Any conclusive info out there?


----------



## Kat Stevens (1 Oct 2011)

Are you sure the tip isn't more orange than yellow?


----------



## AmmoTech90 (1 Oct 2011)

If it really is Yellow then it is an Observing round.  However the circle and cross indicates a NATO design and I am not sure and doubt if there is an approved NATO designed 5.56mm Observing.  If there isn't, then the colour is probably off (either faded or your perception) and it should be red (US red is more orange) and it is tracer.


----------



## Retired AF Guy (2 Oct 2011)

AmmoTech90 said:
			
		

> If it really is Yellow then it is an Observing round.  However the circle and cross indicates a NATO design and I am not sure and doubt if there is an approved NATO designed 5.56mm Observing.  If there isn't, then the colour is probably off (either faded or your perception) and it should be red (US red is more orange) and it is tracer.



Most likely  Lake City Ammunition Plant, Lake City, MO  which is a government owned facility and the largest supplier of small arms ammo to the U.S. military. On the other hand it could have been manufactured by the Måtravidèki Fèmmüvek company in Hungary. Both manufacturers use the "LC" headstamp.
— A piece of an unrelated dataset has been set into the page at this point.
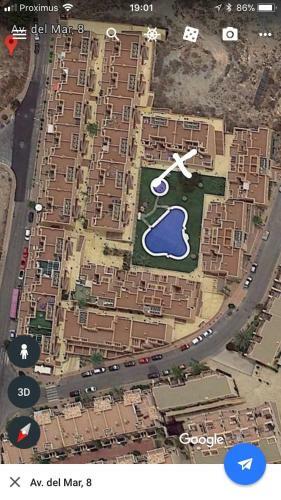 Apartamento Miramar Marina De Marina Golf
However, as AmmoTech states above the circle and cross indicates a NATO round, my bet would be LCAAP. 

If you really want to know; ask these people at the  INTERNATIONAL AMMUNITION ASSOCIATION 

Reference:  Headstamp Ammunition Codes: The Master List


----------



## VIChris (5 Oct 2011)

No two ways about it, it's definitely yellow. Like Caterpillar brand yellow.

Retired AF Guy, thanks for those links. Will follow up on those.

Ammo Tech, are observing and trace rounds the same? 

I guess it's possible that someone painted the ammo themselves for some reason, but the paint pattern is consistent with the way I've seen our own trace rounds painted, but in this case it's a bright yellow. I'll get a photo up, maybe that will help some.


----------



## shiska (5 Oct 2011)

A little digging on the Google brings up this thread from 2005 over at AR15.com http://www.ar15.com/archive/topic.html?b=3&f=16&t=239584

There's talk there of something called a starburst round. Do any of the experts out here know if that's at all similar to the observing rounds mentioned earlier?

Edit: Re-read the thread and realized the OP already found this source. My apologies


----------



## AmmoTech90 (6 Oct 2011)

Trace shows the wy to the target, observing shows an indication at the target.
Could be a reload with Lake City brass.


----------



## Fishbone Jones (6 Oct 2011)

Yellow tipped small arms ammo in the US used to denote High Pressure Test rounds.

Orange yellow tips were Observation rounds.


----------